Soon after Sirisena came to power, Colombo halted some investment projects with China, such as the $1.4 billion Colombo Port City Project and South Asia’s tallest building, the Lotus Tower. But facing a foreign loan default, the cash-strapped government, turned to Beijing to negotiate an easing of the debt burden.
The government eventually signed an agreement with China Merchant Holdings Company to sell a 70 percent of share in the Hambantota Port for $1.2 billion, hoping to offset part of its loan repayments. It has also given a green light for the resumption of other Chinese-financed projects.
Wells remarks are a thinly-veiled warning to Colombo that it must strictly follow Washington’s line. This is the only meaning of her declaration that Sri Lanka must “institutionalize the principles of the Indo-Pacific.”
Washington’s methods to “reinforce a message of reform” will no doubt include behind-the-scenes threats to ramp up the UNHRC war crimes allegations against Colombo if it continues to move closer to Beijing.
The Indian Express has reported that the US Senate Appropriations Committee opposed the 92 percent cut in aid to Sri Lanka and last month tabled a separate bill calling for $43 million in 2018. The committee declared that Sri Lanka should be assisted because of its strategic location and the impact of the decades-long war on the country. The Pentagon is nevertheless strengthening its military ties with Sri Lanka.

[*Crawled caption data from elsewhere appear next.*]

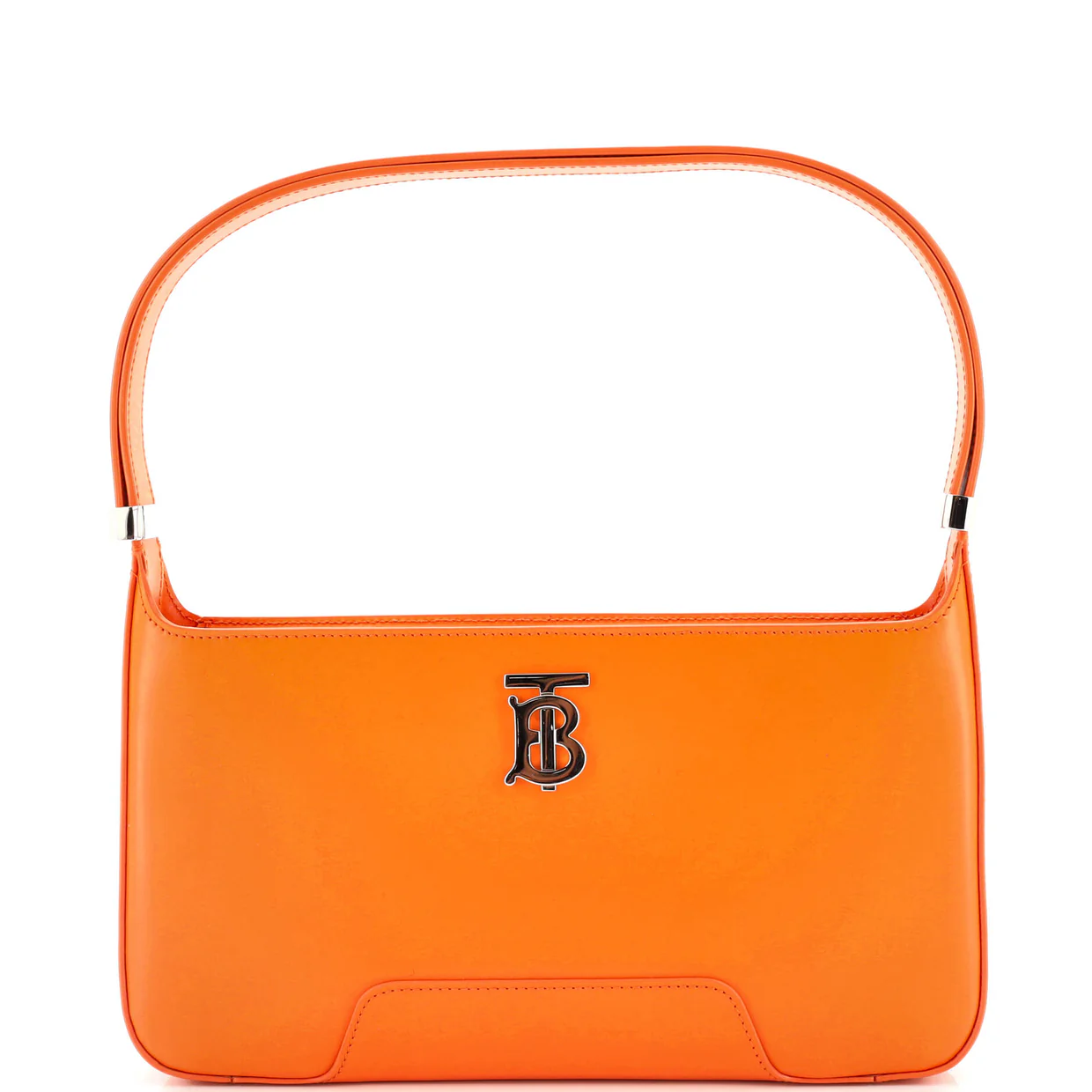 TB Shoulder Bag Leather - Deep Luxury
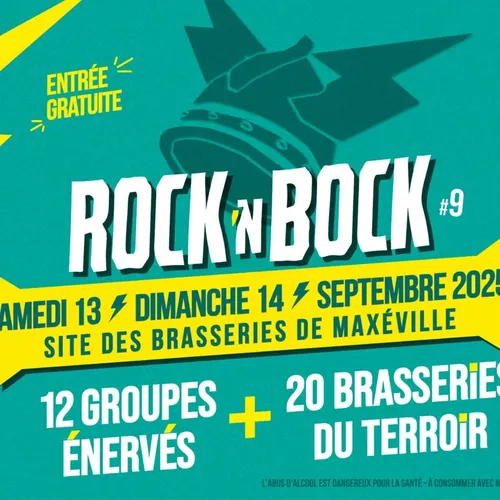 Maxéville : bienvenue au Rock and Bock Fest !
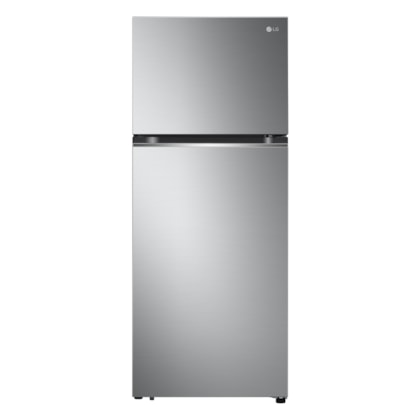 Geladeira Duplex Frost Free Inverter Inox Look LG 395L 127V 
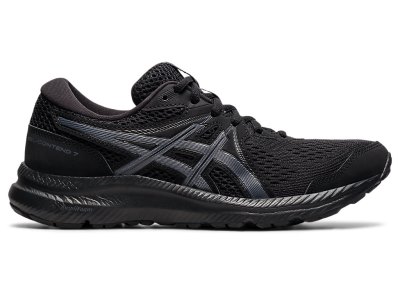 Tenis Para Correr Asics Gel-contend 7 Mujer Negros Grises | MX5619-895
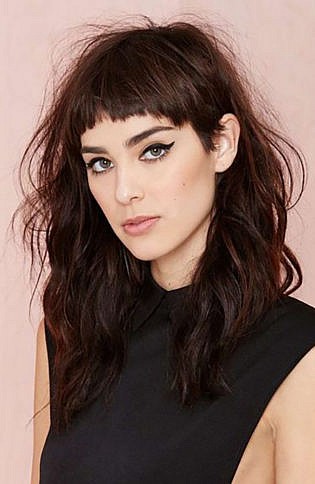 25 Gorgeous Long Hair with Bangs Hairstyles - The Trend Spotter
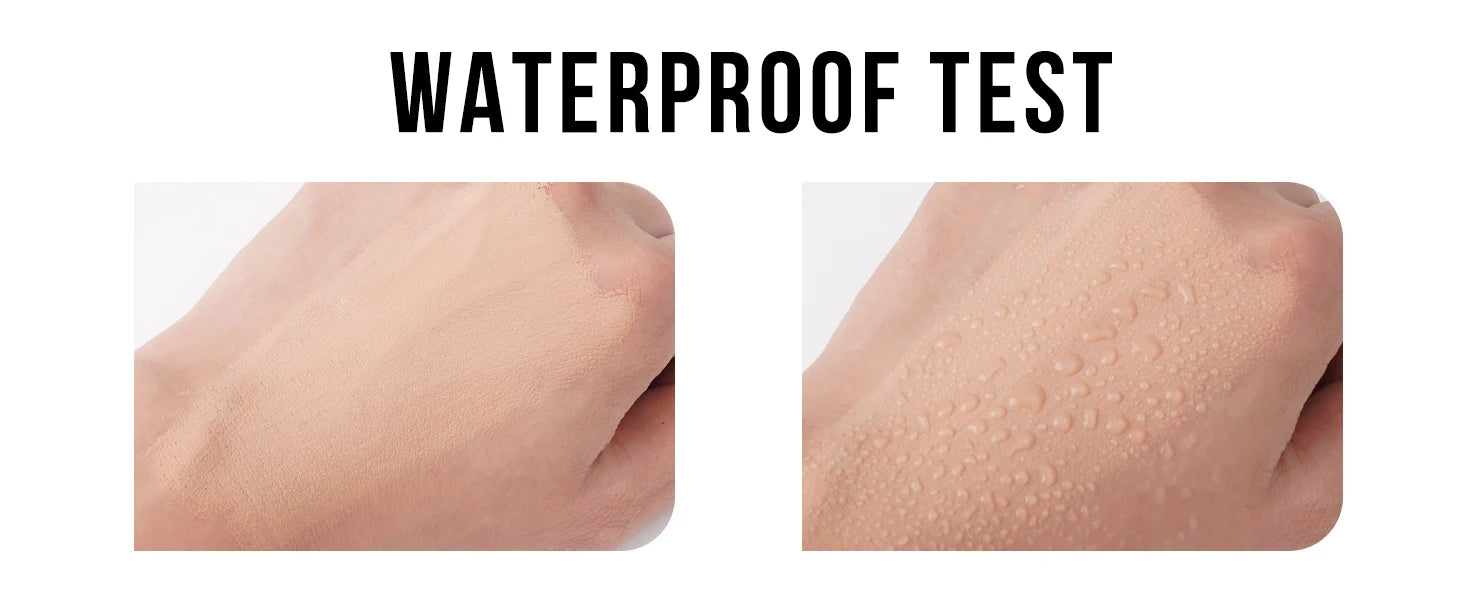 1PC isolation cream, lightweight moisturizing, waterproof and sweat proof, long-lasting natural makeup effect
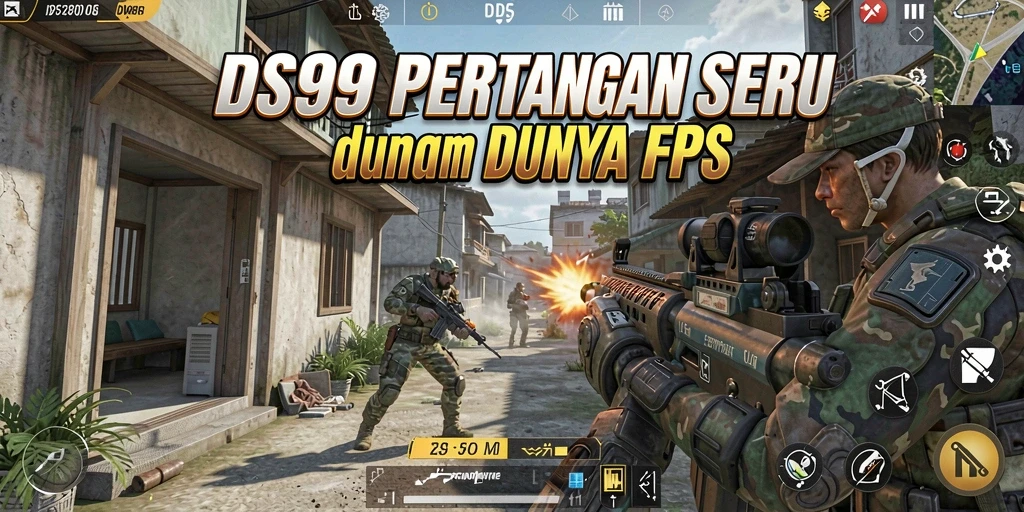 Screenshot menarik dari gameplay seru di DS99.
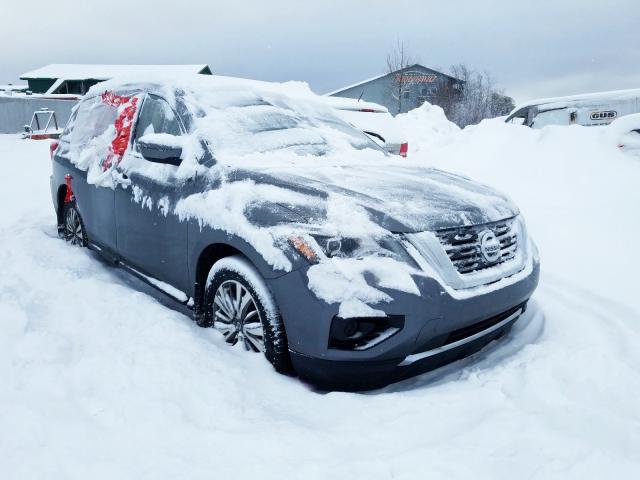 NISSAN PATHFINDER 2018 with VIN 5N1DR2MM2JC672394 - Photo from auction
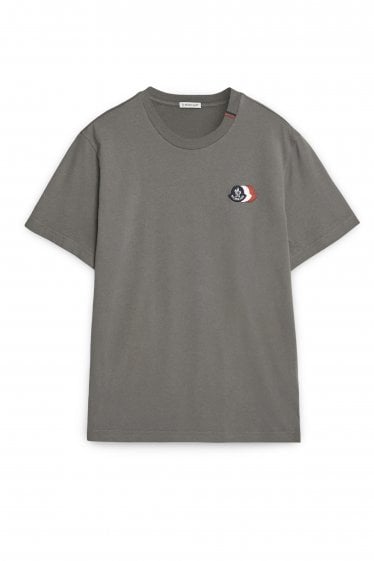 Triple Logo Shirt Grey 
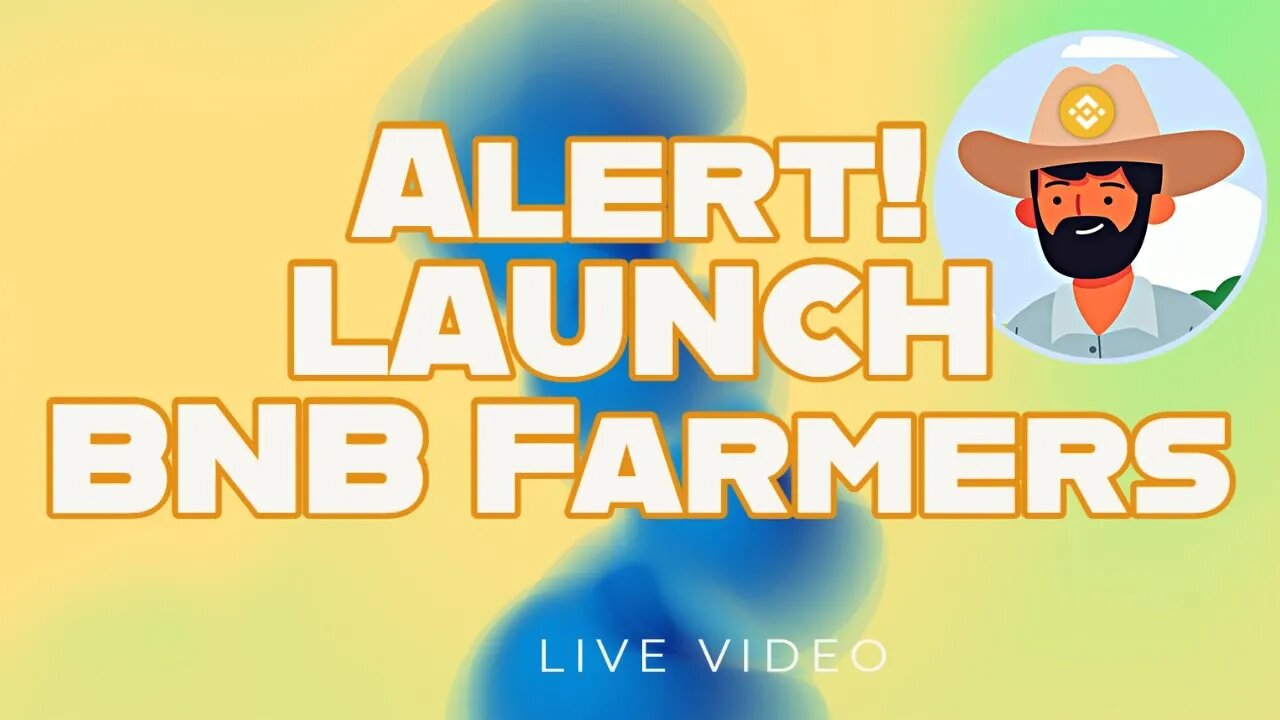 Tomorrow Morning The BNB Crops Farmers Launches Get In Early!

Addressing the Indian Ocean Conference in Colombo at the end of August, Wells announced the first ever US-Sri Lanka joint naval exercise, Cooperation Afloat Readiness and Training or CARAT 2017, which will occur this month at Trincomalee. The exercise will be conducted by the US Seventh Fleet, which is at the centre of Washington’s war plans against China, and follows the Malabar naval exercise held in July, which involved India, US and Japan.
US war ships have been making frequent visits to Colombo since 2015 and the US Marine Corps are training Sri Lankan marines and navy soldiers, including on the Guam naval base in the western Pacific.
India, Washington’s main strategic and military ally in South Asia, has voiced concern over Colombo’s recent Hambantota Port deal and loan agreements with China. This was reflected in an August 13 article by Indian analyst Swaran Singh in the Daily Mirror.
Entitled, “Why India is worried about China consolidating in Sri Lanka?” Singh described the loans from Beijing to Colombo as a “debt trap” that would force India to “shore up its defence mechanism” with Sri Lanka.
India is currently bolstering defence ties with Sri Lanka. The Indian and Sri Lankan navies have resumed their annual SLINEX exercises. This year’s event was held at the Viskhapatnam naval base and in the Bay of Bengal from September 4–14. Joint exercises involving US, Indian and Sri Lankan naval personnel were also held last month at the Welisara navy camp, near Colombo.
Behind the backs of workers and the poor, the Sri Lankan government is tying the country to the US-led war drive against China that will have catastrophic consequences for the working class in South Asia and the world.